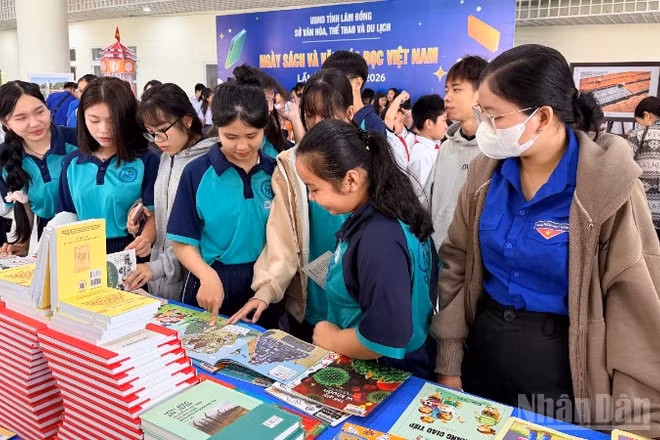 Các bạn học sinh đọc sách tại ngày hội.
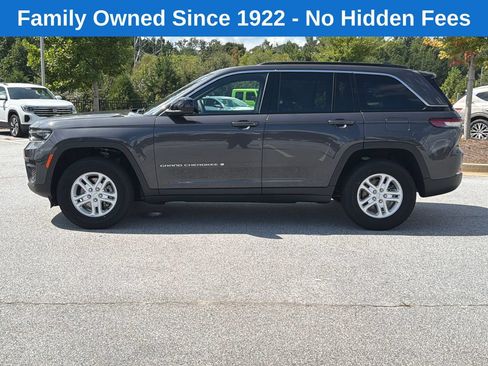 Used 2025 Jeep Grand Cherokee Laredo w/ Trailer Tow Package AWD/4WD image 4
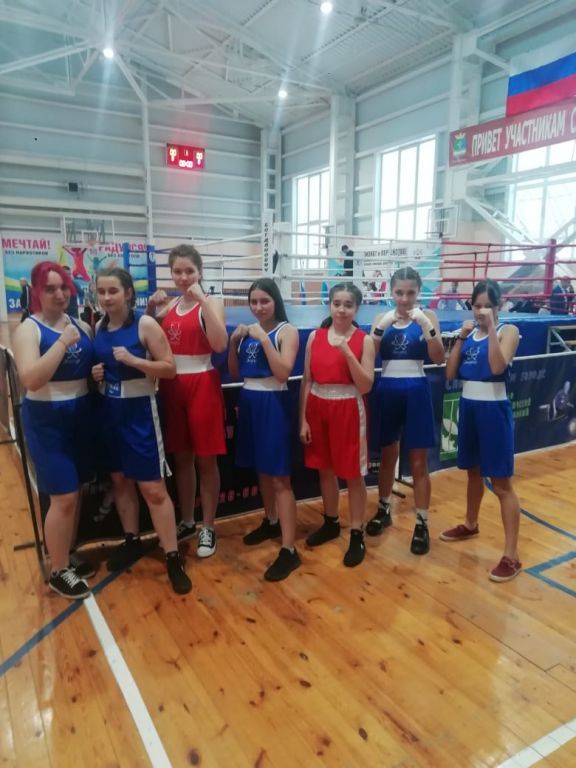 Поздравляем тренера и девчонок!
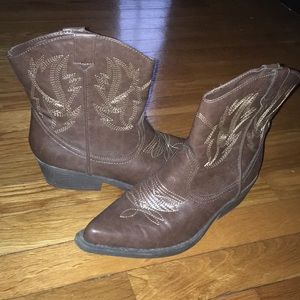 Short Western Cowboy Boots brown Size 7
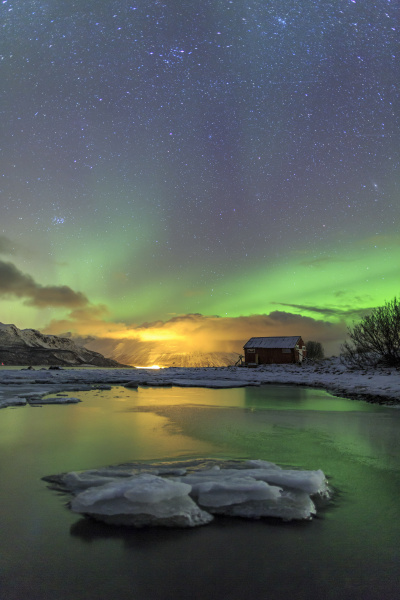 the northern lights illuminates the wooden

···

If a record contains a picture, leave the picture out and retype everything else exactly.

THE COMPLETED TASK
 Các bạn học sinh đọc sách tại ngày hội.
 Used 2025 Jeep Grand Cherokee Laredo w/ Trailer Tow Package AWD/4WD image 4
 Поздравляем тренера и девчонок!
 Short Western Cowboy Boots brown Size 7
 the northern lights illuminates the wooden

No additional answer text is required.